You can extract values from a dict using the get method, extract and remove the value using the pop method, and and you can delete values using del(hash[key_value]).

# 
print(dict_example)
one_get = dict_example.get(1)
two_pop = dict_example.pop(2)
del(dict_example[3])
print(one_get)
print(two_pop)
print(dict_example)
#

Default values (*)

The following situation is very common, you need to read a hash key, if the key exists, accept the hash value as input and if it does not exist take as an input a default value. This can be achieved with an if block

# 
if (key_value in a_hash):
   value = a_hash[key_value]
else:
   value = default_value
#

Both get and pop methods working with hashes accept a default value as a second argument, that will be returned in case the hash for the given key is undefined

# 
value = a_hash.pop(key_value, default_value)
#

When setting values, you may also need to set a default value. Imagine you are reading a list of numbers and you want to separate them by their last digit as a dict of lists

# 
random_nums = np.random.randint(0,5000,[30])
last_digit_hash = {}
for number in random_nums:
    #
    last_digit = number % 10
    #
    if( last_digit in last_digit_hash):
	last_digit_hash[last_digit].append(number)
    else:
	last_digit_hash[last_digit] = []
	last_digit_hash[last_digit].append(number)
	#
print(last_digit_hash)
#

The setdefault method allows to greatly simplify this task.

# 
random_nums = np.random.randint(0,5000,[30])
last_digit_hash = {}
for number in random_nums:
    last_digit = number % 10
    #
    last_digit_hash.setdefault(last_digit, []).append(number)
    #
print(last_digit_hash)
#

Sets

A set is an collection of unique elements with no particular order. They can be considered as the keys of a hash but without the corresponding values. They can be created with the set literal or with curly braces.

# 
set_0 = {"a", 0, 1, "bc", 0.33, 0, 1}
set_1 = set(["a", "b", "c", "a", "a"])
print(set_0)
print(set_1)
#

# Union
print(set_0.union(set_1))
print(set_0|set_1)
#
# Intersection
print(set_0.intersection(set_1))
print(set_0 & set_1)
#
# Difference
print(set_0.difference(set_1))
print(set_0 - set_1)

Comprehensions and built-in sequence functions

List, dict, and set comprehensions are a terse and neat "Pythonic" way to define new structures in your program.
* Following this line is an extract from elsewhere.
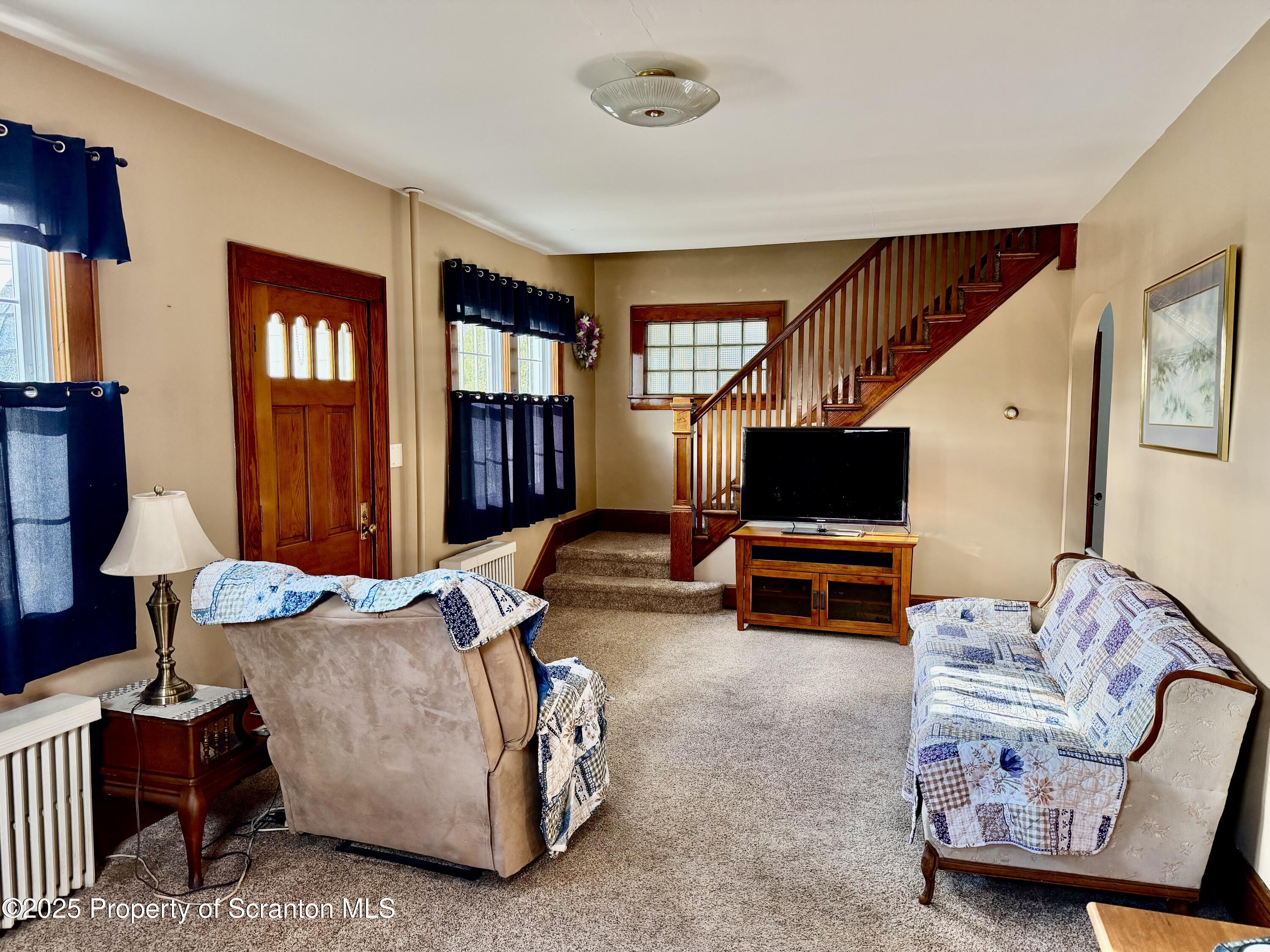 116 South Main Street Archbald, PA 18403 - Photo 18 of 31 a living room with furniture and a flat screen tv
In the list comprehensions case they have the syntax

list_0 = [expr for value in collection if condition]

which is equivalent to the loop

list_0 = []
#
for value in collection:
    #
    if (condition):
	list_0.append(expr)

The filter condition is not mandatory and may not be present.
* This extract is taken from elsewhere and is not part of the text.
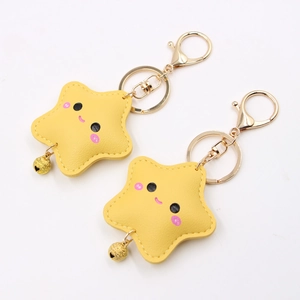 Detail of yellow star keychain with cute smiley face, gold bell, and textured PU leather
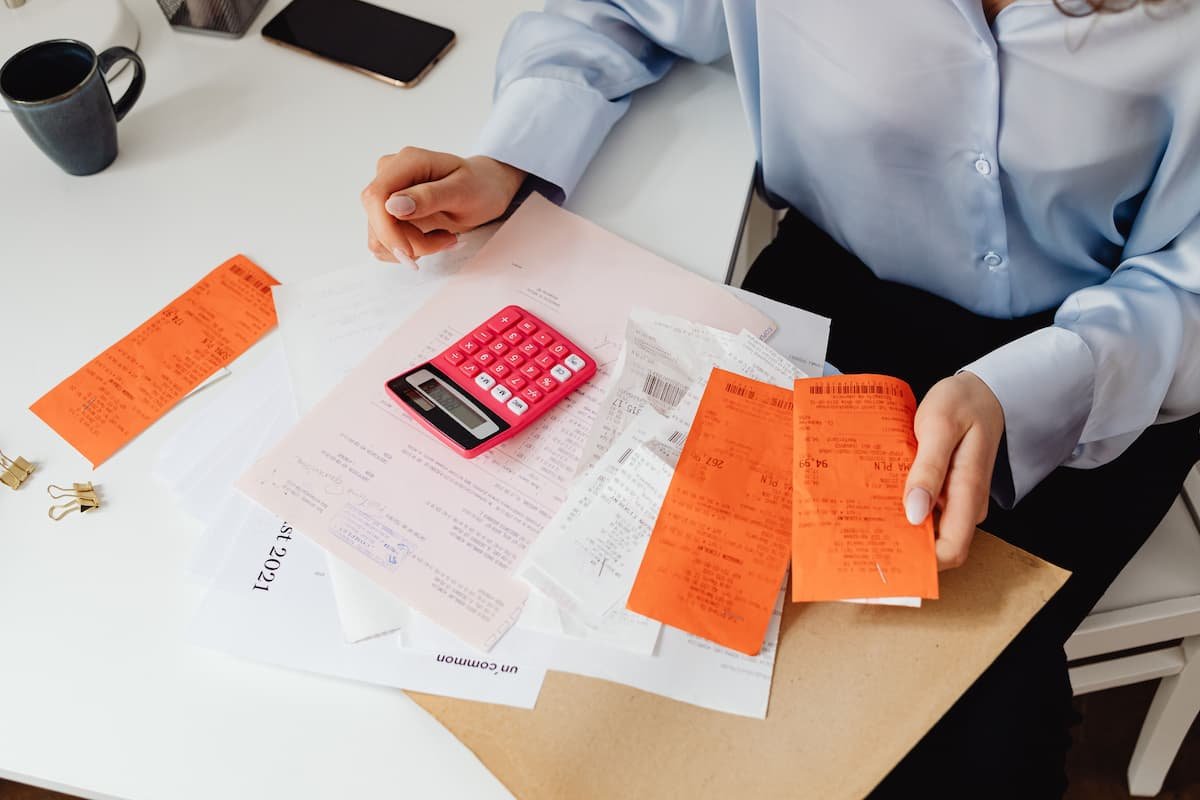 Medical billing specialist reviewing claims and payments as part of revenue cycle management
For example, we can create using a loop a list, called list_mults, including the integers that are less than 4000 and can be divided exactly by 7 and 13.

list_mults = []
total = 0
for number in range(4000):
    if (number % 7 == 0 and number % 13 == 0): 
	list_mults.append(number)
	total+=1
print(total, list_mults)

We can repeat the same task using a comprehension in a more Pythonic way.

list_mults2 = [number for number in range(4000) if (number % 7 == 0 and number % 13 == 0)]
#
# Checking if both lists are equal.
list_mults2 == list_mults

The extension to sets and dicts is direct.

# Dicts
{key_expr(iter): value_expr(iter) for iter in collection if condition}
#
#
# Sets
{set_expr(iter) for iter in collection if condition}

Apart from comprehensions there are several built-in sequence functions to work with lists and other structures that are quite useful. One of them is enumerate that we have already covered. Other useful built-ins are sorted, reversed, and zip.

The built-in sorted returns a new, sorted, sequence. You can provide to sorted a key, a function that applied to the element provides a value used for the sorting.

random_nums = np.random.randint(0,1000,[30])
print(sorted(random_nums))
print(sorted(random_nums, key=str))
print(random_nums)

In the particular case of lists, you can sort them using the sort method, and this will be an in-place sorting

print(random_nums)
print(random_nums.sort())
print(random_nums)

The reversed built-in provides a generator to iterate over a sequence in reverse order.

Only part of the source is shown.